Eu ainda não tinha percebido a piada daquilo, até que ontem me entretive a espreitar os meus dedos. E o que vi deixou-me assombrada. Montanhas escarpadas, rugas gigantes como gargantas fundas, escaras abertas, caminhos cheios de pedregulhos, como escamas de peixe, leitos de rios ressequidos e engelhados. Uma coisa monstruosa. Enrugada. Velha.
Já não consigo olhar para as minhas mãos sem me lembrar que cada linha minúscula é um vale imenso de secura e células prematuramente mortas. Na verdade, nem imaginamos a quantidade de cadáveres que carregamos connosco, no segredo da flor da pele. E ainda bem. A beleza é algo que exige a distância de um olhar míope. Olhado à lupa, o nosso corpo é apenas carne a morrer lentamente, todos os dias. A morrer e a viver, claro, porque à lupa não se notam grandes diferenças entre uma e outra; ou melhor, só olhadas de perto é que se percebe que ambas se reproduzem continuamente, num abraço simbiótico e interminável.

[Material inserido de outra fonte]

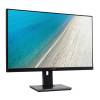 Acer 27" B277KLBbmipruzx IPS LED UM.HB7EE.B02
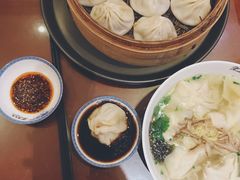 -熙盛源(复兴路店)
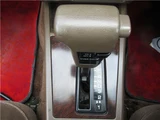 1989 Nissan Cedric Turbo Sedan for sale, Japanese used car export - photo 51 of 79 | GULJI TRADERS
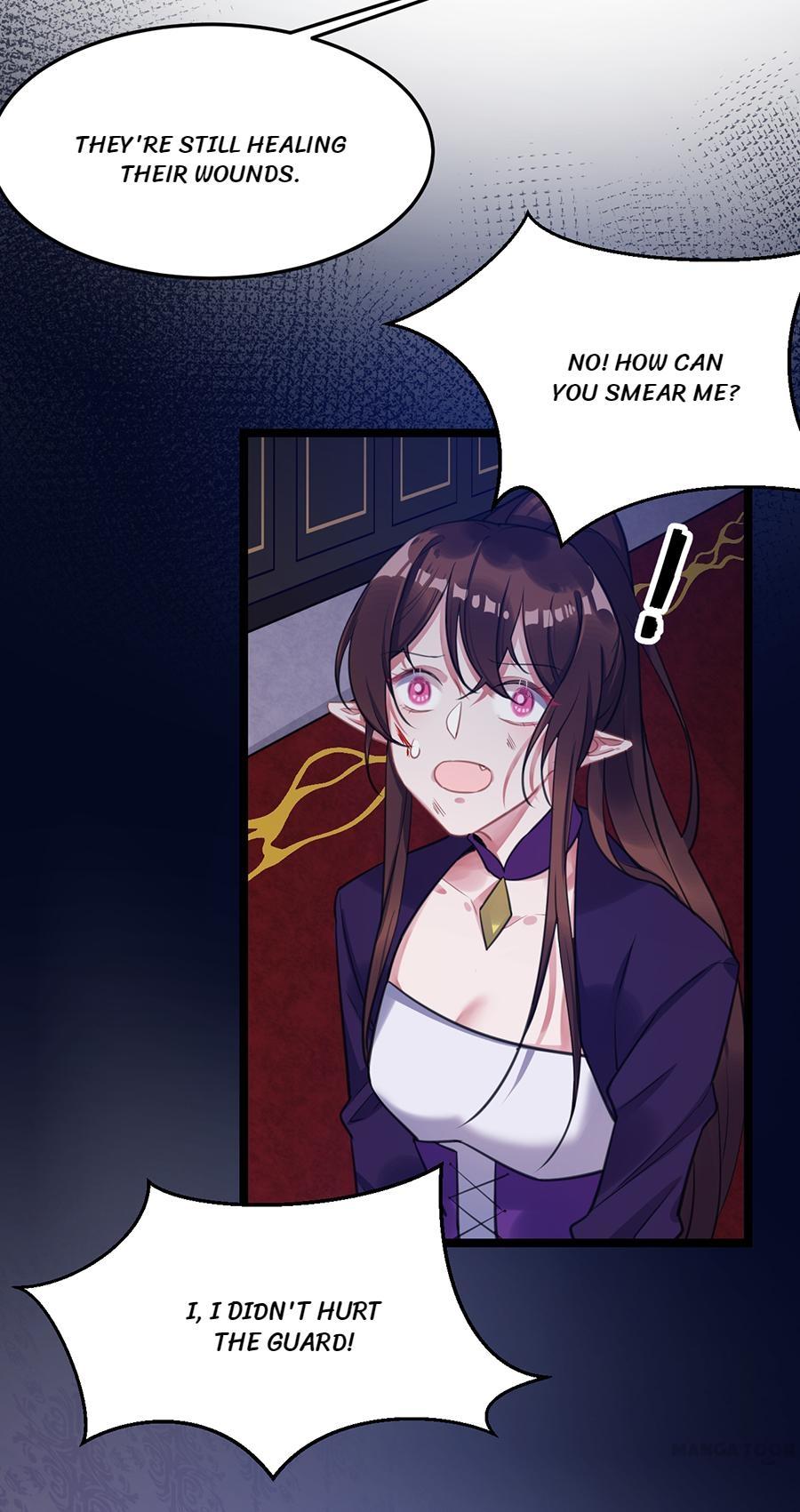 Chapter 62 - Image 9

Agora, quando olho para a minha mão, já sei que estou longe dela, muito longe mesmo. E quando olho para a minha cara no espelho, a mesma coisa. E ainda que a mão toque o rosto, ou a perna, ou o pé, nunca estará realmente perto. A distância é aquilo que nos permite olhar, sentir, cheirar, sem nos afogarmos no esgoto da miséria material da nossa existência. A distância é aquilo que nos permite ser aquilo que somos - sem ela seríamos apenas bocados de carne ambulantes, sem alma nenhuma.
1 comentário:
Estava agora a ler-te e recebi o teu comentário sobre o desenhar da Camila, mas sobre isso falarei na Arca.
Aqui quero dizer-te que, mais uma vez, senti-me tão sintonizada contigo ao ler este teu post. Não sei se é por ter completado mais um ano de vida por estes dias ou dos dias que passam cada vez mais depressa, mas estou a começar a tomar consciência, seriamente, que estou a envelhecer e não gosto, não me vale de nada, mas, mesmo assim, não gosto :). Essa decadência que viste à lupa vai-se tornando cada vez mais visível a olho nu e é triste. Mas o melhor mesmo é não perder muito tempo a pensar nisto, gozarmos o dia-a-dia e deixarmos a nossa miopia fazer-nos andar felizes e contentes! Um grande beijinho.